Single-Cell Analysis of Human B Lymphoid and Neutrophil/Monocyte Lineage Restriction

Lifelong production of most types of mature blood cells is sustained by a small population of cells with extensive regenerative potential. However, the detailed steps that restrict multipotent or even bipotent human hematopoietic cells to any single lineage remain poorly understood. Those that segregate the human B-lymphoid and neutrophil/monocyte (NM) lineages are of particular interest as these appear to identify a stage that might control the different properties of human leukemias that display perturbed NM and/or B-cell programs. To undertake a refined analysis of this normal lineage restriction process in human cells, we first devised a culture system that permits it to be tracked clonally and efficiently (50%). Initial experiments showed this could be achieved using a combination of multiple stromal cell types and human growth factor-supplemented medium. To elucidate the intervening transitional steps we then used multiplexed flow cytometry to compare the progeny generated in this culture system over a 2-week time course from previously defined lymphoid progenitor-enriched (P-L), NM progenitor-enriched (P-NM) and less restricted P-mix cord blood (CB) subsets. The results suggested that gain of CD45RA (RA) expression and loss of CLEC12A (C) expression appeared to accompany the sequential restriction of early CD34+ progenitors first to cells with dual NM+B-lineage potential and then just to B-lineage potential.

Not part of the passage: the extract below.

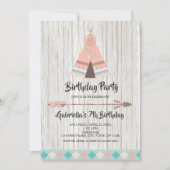 ボホ族素朴のピンク·ティーピー誕生パーティー 招待状 (正面)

Subsequent tracking of the lineage outputs of CD34+ RA-C- cells initially produced in larger numbers from unfractionated CD34+ CB cells either in vitro or in xenografted immunodeficient mice, confirmed the CD34+ RA-C- subset to be highly enriched in cells with dual NM+B potential. In contrast, co-generated CD45RA+ (RA+C-) and RA+CLEC12A+ (RA+C+) phenotypes displayed separate B- and NM lineage-restricted activity, respectively, as indicated by their largely exclusive clonal outputs of CD19+ pre-B and CD14+/CD15+ NM precursors. In agreement with these phenotypically established separate NM and B-lineage outputs, RA+C- cells were found to contain higher levels of B-lineage-associated gene transcripts (e.g., DNTT, CD79A, and EBF1), whereas RA+C+ cells contained higher levels of the NM transcription factor mRNAs encoded by SPI1 and CEBPA. In a further optimized stroma-free liquid culture system, the RA-C- cells could be shown to produce continuously RA+C- and RA+C+ progeny after another 3-4 days, and also RA-C- progeny which are not produced from more restricted RA+C- and RA+C+ cells, suggesting that the acquired expression of RA precedes the separation of NM and B-lineage potential that is then marked by the differential activation of C expression in RA+ cells.

To examine more precisely how the process of B+NM restriction to a single lineage might be related to successive cell cycles, we labeled RA-C- cells with carboxyfluorescein diacetate succinimidyl ester (CFSE) to enable the phenotypes and growth potential of the the progeny obtained after 6 days to be directly related to their prior division histories. This revealed extensive heterogeneity in the overall distribution of the initial progeny cell cycle times but with a clear segregation in the outputs of the faster and slower dividing cells. Notably, the faster dividers produced ultimately small M+B or uni-lineage clones whereas the initially slow dividers subsequently produced larger clones, 25% of which still contained CD34+ cells or N+M+B progeny.

Taken together, these findings identify new hallmark phenotypic changes that identify a critical step in the lineage restriction of primitive human hematopoietic cells with dual NM+B-lineage potential and a previously unknown association of this process with a shortening of their cell cycle transit time.